Shear thickening in concentrated suspensions: phenomenology, mechanisms, and relations to jamming

TL;DR

This paper reviews shear thickening in concentrated suspensions, focusing on its phenomenology, mechanisms, and relation to jamming, highlighting recent advances and proposing a unified phase diagram.

Contribution

It synthesizes current understanding of shear thickening mechanisms, relates them to jamming physics, and introduces a general phase diagram for these systems.

Findings

Shear thickening involves a transition to solid-like behavior.

Discontinuous shear thickening occurs abruptly at high shear rates.

Models based on simple particle interactions can describe DST phenomena.

Abstract

Shear thickening is a type of non-Newtonian behavior in which the stress required to shear a fluid increases faster than linearly with shear rate.

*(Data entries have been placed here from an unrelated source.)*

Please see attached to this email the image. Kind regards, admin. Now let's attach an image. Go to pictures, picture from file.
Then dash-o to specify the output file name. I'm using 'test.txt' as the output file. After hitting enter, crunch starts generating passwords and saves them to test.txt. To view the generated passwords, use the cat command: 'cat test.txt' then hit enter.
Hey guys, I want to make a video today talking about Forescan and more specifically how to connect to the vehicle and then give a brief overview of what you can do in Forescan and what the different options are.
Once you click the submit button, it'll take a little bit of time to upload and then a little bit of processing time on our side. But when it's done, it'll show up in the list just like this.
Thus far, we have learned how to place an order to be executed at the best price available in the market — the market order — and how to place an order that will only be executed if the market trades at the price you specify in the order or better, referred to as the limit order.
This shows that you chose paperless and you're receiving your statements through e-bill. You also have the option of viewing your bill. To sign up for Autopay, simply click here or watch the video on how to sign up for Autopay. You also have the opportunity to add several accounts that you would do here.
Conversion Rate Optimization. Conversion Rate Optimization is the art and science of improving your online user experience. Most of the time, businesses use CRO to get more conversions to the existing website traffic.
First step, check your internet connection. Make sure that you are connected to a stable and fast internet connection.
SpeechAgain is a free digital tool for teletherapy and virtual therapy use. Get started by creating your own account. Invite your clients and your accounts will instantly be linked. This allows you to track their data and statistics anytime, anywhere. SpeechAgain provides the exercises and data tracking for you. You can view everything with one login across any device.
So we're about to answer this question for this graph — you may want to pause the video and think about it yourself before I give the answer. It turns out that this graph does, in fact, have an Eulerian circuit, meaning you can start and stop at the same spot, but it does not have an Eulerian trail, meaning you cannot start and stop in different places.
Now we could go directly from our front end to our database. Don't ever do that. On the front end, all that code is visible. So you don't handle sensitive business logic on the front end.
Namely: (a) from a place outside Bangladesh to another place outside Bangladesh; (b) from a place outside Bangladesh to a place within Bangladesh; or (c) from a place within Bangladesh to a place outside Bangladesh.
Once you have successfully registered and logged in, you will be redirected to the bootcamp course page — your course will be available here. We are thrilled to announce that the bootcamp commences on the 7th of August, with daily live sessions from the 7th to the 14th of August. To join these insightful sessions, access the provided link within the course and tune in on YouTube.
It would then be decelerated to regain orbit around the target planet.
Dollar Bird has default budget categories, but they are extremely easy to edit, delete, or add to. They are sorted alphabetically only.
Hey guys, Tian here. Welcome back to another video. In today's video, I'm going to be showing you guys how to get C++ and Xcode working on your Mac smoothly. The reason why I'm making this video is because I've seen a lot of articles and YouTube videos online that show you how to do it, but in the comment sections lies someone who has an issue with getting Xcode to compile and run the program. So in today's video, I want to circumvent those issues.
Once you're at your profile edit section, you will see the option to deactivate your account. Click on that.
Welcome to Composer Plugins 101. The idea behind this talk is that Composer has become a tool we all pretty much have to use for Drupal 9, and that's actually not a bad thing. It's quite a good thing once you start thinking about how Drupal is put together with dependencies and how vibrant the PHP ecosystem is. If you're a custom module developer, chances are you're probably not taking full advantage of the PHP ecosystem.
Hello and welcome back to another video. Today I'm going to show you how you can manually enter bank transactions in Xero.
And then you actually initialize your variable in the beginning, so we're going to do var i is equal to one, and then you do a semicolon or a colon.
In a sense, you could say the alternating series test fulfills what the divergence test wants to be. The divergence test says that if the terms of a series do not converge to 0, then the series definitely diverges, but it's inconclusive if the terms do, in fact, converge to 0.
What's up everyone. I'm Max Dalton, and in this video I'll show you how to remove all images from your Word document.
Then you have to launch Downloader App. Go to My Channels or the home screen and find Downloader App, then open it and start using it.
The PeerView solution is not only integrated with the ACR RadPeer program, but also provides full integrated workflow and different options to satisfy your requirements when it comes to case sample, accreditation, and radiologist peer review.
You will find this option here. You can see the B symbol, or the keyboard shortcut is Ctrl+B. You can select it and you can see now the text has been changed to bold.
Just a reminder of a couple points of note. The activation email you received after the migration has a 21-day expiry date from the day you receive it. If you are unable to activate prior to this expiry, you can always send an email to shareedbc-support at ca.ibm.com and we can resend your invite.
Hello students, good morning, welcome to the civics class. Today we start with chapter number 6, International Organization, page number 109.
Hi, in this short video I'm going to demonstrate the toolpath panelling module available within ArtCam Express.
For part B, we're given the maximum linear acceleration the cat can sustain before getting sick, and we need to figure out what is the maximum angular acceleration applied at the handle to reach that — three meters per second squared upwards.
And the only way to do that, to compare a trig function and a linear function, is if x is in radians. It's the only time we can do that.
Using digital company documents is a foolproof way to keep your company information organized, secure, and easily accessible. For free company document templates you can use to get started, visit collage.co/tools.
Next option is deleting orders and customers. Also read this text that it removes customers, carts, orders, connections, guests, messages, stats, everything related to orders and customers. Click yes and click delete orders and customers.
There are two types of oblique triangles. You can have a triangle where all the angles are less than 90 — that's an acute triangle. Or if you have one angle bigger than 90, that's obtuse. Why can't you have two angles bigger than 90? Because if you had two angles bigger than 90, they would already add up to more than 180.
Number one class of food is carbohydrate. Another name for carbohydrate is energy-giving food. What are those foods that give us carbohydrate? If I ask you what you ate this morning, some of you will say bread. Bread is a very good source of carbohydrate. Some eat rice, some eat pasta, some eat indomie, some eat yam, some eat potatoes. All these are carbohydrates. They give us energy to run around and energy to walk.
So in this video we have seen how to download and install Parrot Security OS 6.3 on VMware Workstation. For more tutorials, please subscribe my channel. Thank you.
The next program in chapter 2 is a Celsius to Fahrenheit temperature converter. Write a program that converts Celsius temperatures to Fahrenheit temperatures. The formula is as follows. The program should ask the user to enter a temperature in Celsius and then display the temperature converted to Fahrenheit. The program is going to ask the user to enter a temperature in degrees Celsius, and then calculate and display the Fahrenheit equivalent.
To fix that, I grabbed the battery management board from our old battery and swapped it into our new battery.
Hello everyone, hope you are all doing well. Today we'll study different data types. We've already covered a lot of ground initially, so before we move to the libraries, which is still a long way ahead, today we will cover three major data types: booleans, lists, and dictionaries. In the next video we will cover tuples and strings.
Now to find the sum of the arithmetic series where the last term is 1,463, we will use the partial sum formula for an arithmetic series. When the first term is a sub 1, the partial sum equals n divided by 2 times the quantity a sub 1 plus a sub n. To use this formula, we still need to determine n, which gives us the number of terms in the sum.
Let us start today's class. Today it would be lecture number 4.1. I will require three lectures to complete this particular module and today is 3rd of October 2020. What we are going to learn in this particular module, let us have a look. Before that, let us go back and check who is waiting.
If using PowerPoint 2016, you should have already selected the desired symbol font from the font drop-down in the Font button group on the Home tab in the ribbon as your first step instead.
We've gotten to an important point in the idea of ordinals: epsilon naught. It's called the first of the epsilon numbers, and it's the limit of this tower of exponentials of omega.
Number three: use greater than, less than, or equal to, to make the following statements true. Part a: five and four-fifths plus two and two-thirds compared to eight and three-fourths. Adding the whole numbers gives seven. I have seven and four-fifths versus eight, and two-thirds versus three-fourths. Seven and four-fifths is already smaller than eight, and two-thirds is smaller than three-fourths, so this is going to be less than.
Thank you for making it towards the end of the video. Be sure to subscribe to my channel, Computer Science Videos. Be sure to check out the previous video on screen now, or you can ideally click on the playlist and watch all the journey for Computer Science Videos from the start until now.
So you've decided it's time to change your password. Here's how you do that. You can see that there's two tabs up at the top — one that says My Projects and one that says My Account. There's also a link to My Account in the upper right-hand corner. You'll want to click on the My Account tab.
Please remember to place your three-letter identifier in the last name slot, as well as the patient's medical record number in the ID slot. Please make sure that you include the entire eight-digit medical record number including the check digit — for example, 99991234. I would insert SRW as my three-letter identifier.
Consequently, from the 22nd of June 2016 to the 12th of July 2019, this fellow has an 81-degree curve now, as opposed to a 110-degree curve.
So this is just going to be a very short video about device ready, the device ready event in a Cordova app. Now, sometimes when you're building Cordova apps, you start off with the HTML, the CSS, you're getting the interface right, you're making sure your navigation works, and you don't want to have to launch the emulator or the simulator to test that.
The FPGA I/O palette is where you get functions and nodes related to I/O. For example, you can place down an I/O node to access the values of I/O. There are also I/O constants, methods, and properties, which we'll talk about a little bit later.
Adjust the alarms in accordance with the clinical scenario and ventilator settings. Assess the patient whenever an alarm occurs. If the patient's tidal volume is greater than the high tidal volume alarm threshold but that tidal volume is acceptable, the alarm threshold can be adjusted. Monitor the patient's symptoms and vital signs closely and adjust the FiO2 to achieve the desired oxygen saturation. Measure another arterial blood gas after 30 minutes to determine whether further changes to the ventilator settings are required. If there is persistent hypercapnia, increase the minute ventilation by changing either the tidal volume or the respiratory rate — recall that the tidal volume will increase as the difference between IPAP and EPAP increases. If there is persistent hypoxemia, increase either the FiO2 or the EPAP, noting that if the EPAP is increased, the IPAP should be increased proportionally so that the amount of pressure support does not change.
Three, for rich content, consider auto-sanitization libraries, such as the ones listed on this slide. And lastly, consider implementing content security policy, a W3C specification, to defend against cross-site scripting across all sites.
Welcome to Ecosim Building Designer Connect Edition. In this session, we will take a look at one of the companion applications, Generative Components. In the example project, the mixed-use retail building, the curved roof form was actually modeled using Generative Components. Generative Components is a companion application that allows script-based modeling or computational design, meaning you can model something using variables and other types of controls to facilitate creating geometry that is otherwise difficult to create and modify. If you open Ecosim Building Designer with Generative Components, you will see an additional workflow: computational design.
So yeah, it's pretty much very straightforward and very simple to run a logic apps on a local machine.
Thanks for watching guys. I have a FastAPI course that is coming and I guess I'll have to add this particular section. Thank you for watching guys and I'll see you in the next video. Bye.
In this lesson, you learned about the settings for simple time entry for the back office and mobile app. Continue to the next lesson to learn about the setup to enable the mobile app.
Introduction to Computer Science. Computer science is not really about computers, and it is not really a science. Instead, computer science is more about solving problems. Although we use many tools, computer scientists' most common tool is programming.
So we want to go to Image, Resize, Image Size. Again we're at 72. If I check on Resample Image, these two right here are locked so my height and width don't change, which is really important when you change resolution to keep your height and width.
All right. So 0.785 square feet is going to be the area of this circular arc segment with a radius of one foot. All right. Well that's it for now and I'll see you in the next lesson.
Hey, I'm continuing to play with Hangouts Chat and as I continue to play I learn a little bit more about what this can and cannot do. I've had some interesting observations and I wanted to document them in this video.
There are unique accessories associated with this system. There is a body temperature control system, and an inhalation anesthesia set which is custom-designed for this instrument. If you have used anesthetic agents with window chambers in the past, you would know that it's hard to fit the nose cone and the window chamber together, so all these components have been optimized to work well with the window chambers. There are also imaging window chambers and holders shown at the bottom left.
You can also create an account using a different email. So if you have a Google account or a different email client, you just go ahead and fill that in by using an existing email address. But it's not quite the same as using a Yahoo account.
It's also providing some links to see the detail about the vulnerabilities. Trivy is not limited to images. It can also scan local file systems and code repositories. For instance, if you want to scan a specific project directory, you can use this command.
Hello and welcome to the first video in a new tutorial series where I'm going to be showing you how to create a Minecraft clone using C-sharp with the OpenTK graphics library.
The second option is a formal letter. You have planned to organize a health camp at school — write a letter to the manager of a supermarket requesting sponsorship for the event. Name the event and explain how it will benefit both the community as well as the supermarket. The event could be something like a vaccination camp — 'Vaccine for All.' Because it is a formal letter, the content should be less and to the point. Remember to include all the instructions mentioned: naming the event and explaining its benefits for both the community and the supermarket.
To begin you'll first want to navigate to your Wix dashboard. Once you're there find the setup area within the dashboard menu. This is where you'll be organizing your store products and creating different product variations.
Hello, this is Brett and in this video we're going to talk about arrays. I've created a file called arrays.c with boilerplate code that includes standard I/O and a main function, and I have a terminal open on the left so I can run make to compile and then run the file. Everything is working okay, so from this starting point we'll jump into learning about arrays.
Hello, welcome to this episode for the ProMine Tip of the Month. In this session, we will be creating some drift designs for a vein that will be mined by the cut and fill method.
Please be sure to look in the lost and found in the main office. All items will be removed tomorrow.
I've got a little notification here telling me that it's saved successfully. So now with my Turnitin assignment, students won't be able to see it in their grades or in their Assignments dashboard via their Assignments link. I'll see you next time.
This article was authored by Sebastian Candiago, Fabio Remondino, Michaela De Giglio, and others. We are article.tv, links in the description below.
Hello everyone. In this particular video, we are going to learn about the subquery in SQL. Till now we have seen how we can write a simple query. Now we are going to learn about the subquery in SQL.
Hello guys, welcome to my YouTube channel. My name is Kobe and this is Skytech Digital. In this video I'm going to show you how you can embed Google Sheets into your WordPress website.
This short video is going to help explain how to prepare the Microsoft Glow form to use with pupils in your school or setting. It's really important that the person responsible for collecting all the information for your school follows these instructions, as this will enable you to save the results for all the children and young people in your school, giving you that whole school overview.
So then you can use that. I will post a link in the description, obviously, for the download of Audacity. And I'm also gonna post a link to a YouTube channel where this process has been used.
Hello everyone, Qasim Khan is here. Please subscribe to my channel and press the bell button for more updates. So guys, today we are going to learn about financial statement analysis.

Many concentrated suspensions of particles exhibit an especially dramatic version, known as Discontinuous Shear Thickening (DST), in which the stress suddenly jumps with increasing shear rate and produces solid-like behavior. The best known example of such counter-intuitive response to applied stresses occurs in mixtures of cornstarch in water. Over the last several years, this shear-induced solid-like behavior together with a variety of other unusual fluid phenomena has generated considerable interest in the physics of densely packed suspensions. In this review, we discuss the common physical properties of systems exhibiting shear thickening, and different mechanisms and models proposed to describe it. We then suggest how these mechanisms may be related and generalized, and propose a general phase diagram for shear thickening systems. We also discuss how recent work has related the physics of shear thickening to that of granular materials and jammed systems. Since DST is described by models that require only simple generic interactions between particles, we outline the broader context of other concentrated many-particle systems such as foams and emulsions, and explain why DST is restricted to the parameter regime of hard-particle suspensions. Finally, we discuss some of the outstanding problems and emerging opportunities.